Rote Rübe/Beete - fermentiert

Beetroot - fermented

Beetroot (Beets), fermented — mild, aromatic & crisp

Earthy sweetness with warm spice: lactic fermentation adds gentle tang while keeping the beets crunchy; vanilla and ginger bring a soft, wintery note.

Prep time: 20–30 minutes
Fermentation: 6–8 weeks (week 1 at 18–24 °C, then 16–20 °C)
Yield: about 8–10 side portions

Ingredients

  • 2 large beetroot/beets

  • 1 vanilla pod, split lengthwise

  • 1 thumb-size piece of ginger, unpeeled, sliced

  • 1 tbsp raw cane sugar (optional; light caramel note)

  • 500 ml water

  • 10 g salt → 2% brine (for topping up: 20 g salt per 1 L water)

Equipment: 1 × 946 ml Wide-Mouth Mason Jar (or 750 ml), 1 × fermentation lid with valve, 1 × glass weight, gloves.

Method

  1. Mix brine: Dissolve 10 g salt in 500 ml water. If warmed, let cool completely.

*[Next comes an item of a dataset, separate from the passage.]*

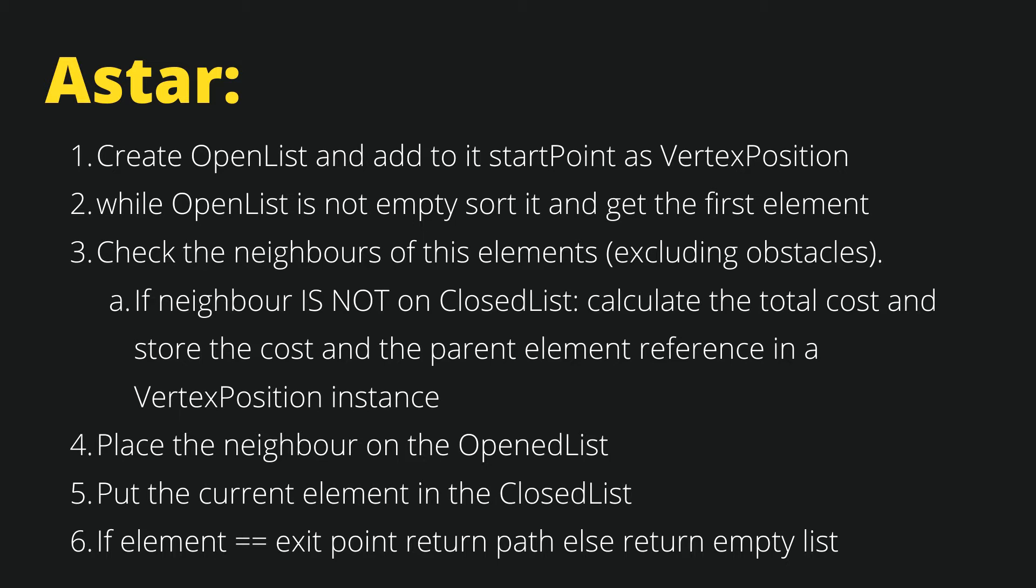We also check every time if current element is equal to exit point. If it is, we return the path already found by looping through each element and getting their parent because we have stored the reference to the parent from where we came to this element. If this last element is not equal to exit point and there are no more points on the open list, this means there is no path available and we return an empty list.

  2. Prep beets: Peel if desired (organic beets can stay unpeeled). Slice to ~3 mm. Toss with 1 tbsp sugar and rest 10–15 min until juices appear. Tip: wear gloves — beet pigment stains.

  3. Layer the jar: Put vanilla and ginger at the bottom. Pack beet slices tightly on top; reserve the largest slices for the top layer.

  4. Cover & weigh down: Fill with brine to about 3 cm below the rim. Release trapped air with a stick. Place the glass weight so everything stays below the brine.

  5. Seal & label: Fit the fermentation lid, label with contents/date, and set the jar on a saucer — beets can foam due to natural sugars.

Fermentation

  • Week 1: 18–24 °C, dark/room temp.

  • Then: 16–20 °C until 6–8 weeks total. Check occasionally; top up with 2% brine if needed.

Maturation & storage

When flavor/texture suit you (earthy-sweet, vanilla-ginger aroma, mild acidity, still crisp), move to the fridge to slow fermentation. Keeps several months; always use clean utensils and press veg back under the brine.

Optional (after it’s ready): Swap to a standard lid and vacuum-seal with EcoSeal Pro for extra freshness in storage. (Do not vacuum-seal during active fermentation.)